→ **EXERCISE DIRECTIONS**
Output, word for word, the line that contains "[BRM1961116] 티유케이 블랙" and all lines after it in the records below, omitting pictures.

→ **Data excerpts**
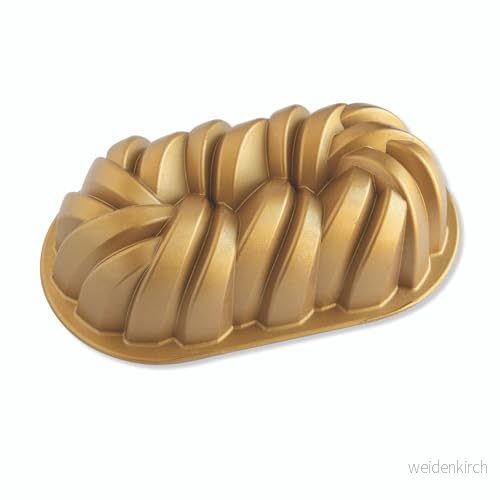 Nordic Ware flätad brödform, original gjuten aluminium buntform, kakburk med flätat mönster, tårtform tillverkad i USA, färg: Guld 11172960771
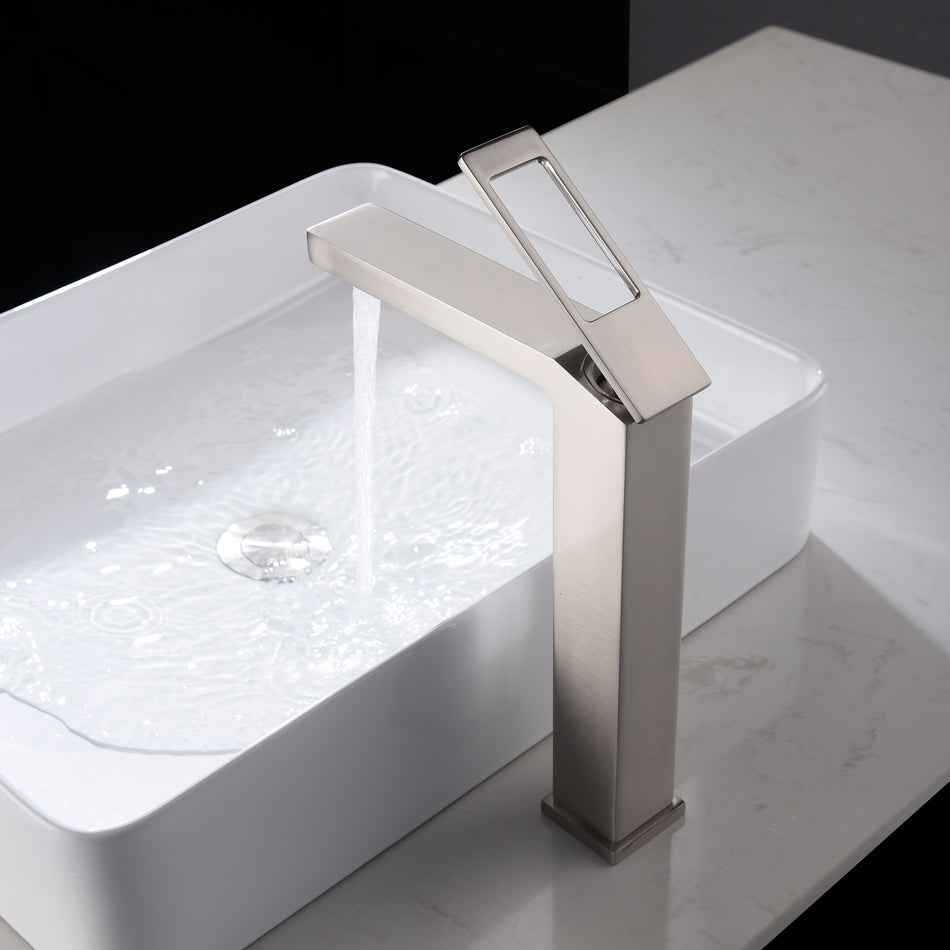 Brushed Nickel Single Handle Bathroom Sink Faucets with Brass Pop up Overflow Drain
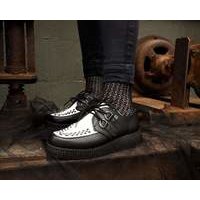 [BRM1961116] 티유케이 블랙 &amp; 화이트 TUK스킨™ 비바 II 크리퍼 클리퍼 우먼스 F9681  T.U.K. Black White TUKskin™ Viva Creeper Creepers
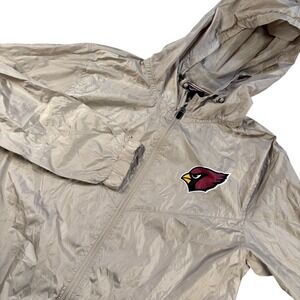NFL Mens Cream Arizona Cardinals Football Hooded‎ Jacket Windbreaker Size Small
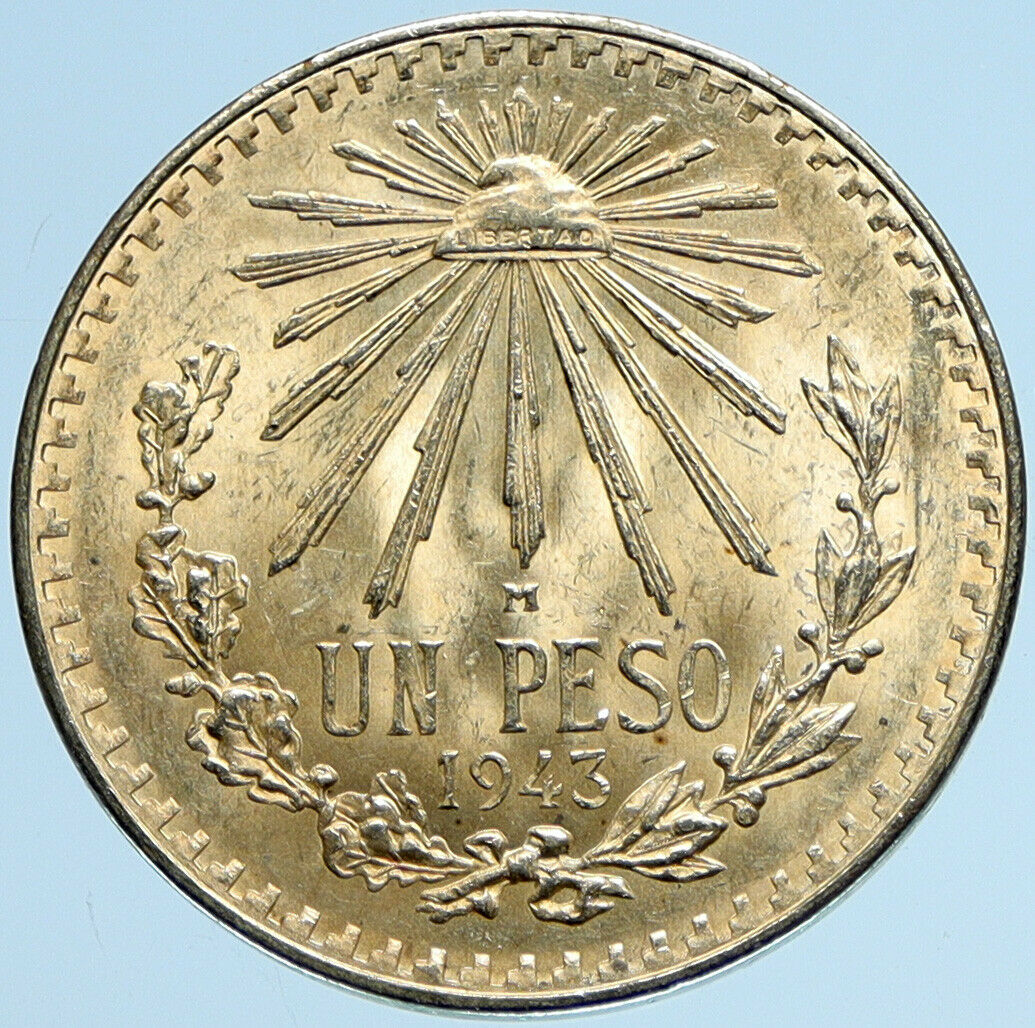 1943 MEXICO Eagle Liberty Cap Large Vintage OLD Silver Peso Mexican Coin i97973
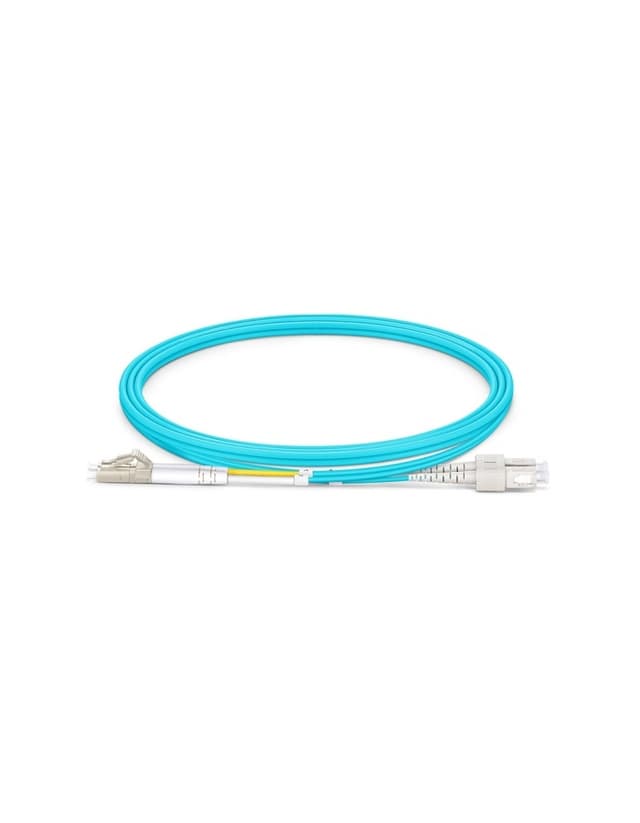 LC to SC UPC Duplex OM3 2.0mm PVC Fiber Patch Cable, 1m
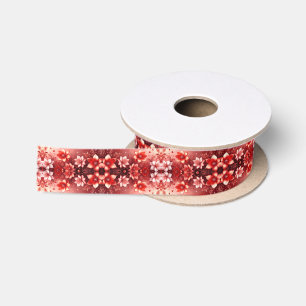 Lazo De Raso Cinta Festiva Floral Roja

→ **RESPONSE TO THE EXERCISE**
 [BRM1961116] 티유케이 블랙 &amp; 화이트 TUK스킨™ 비바 II 크리퍼 클리퍼 우먼스 F9681  T.U.K. Black White TUKskin™ Viva Creeper Creepers
NFL Mens Cream Arizona Cardinals Football Hooded‎ Jacket Windbreaker Size Small
 1943 MEXICO Eagle Liberty Cap Large Vintage OLD Silver Peso Mexican Coin i97973
 LC to SC UPC Duplex OM3 2.0mm PVC Fiber Patch Cable, 1m
 Lazo De Raso Cinta Festiva Floral Roja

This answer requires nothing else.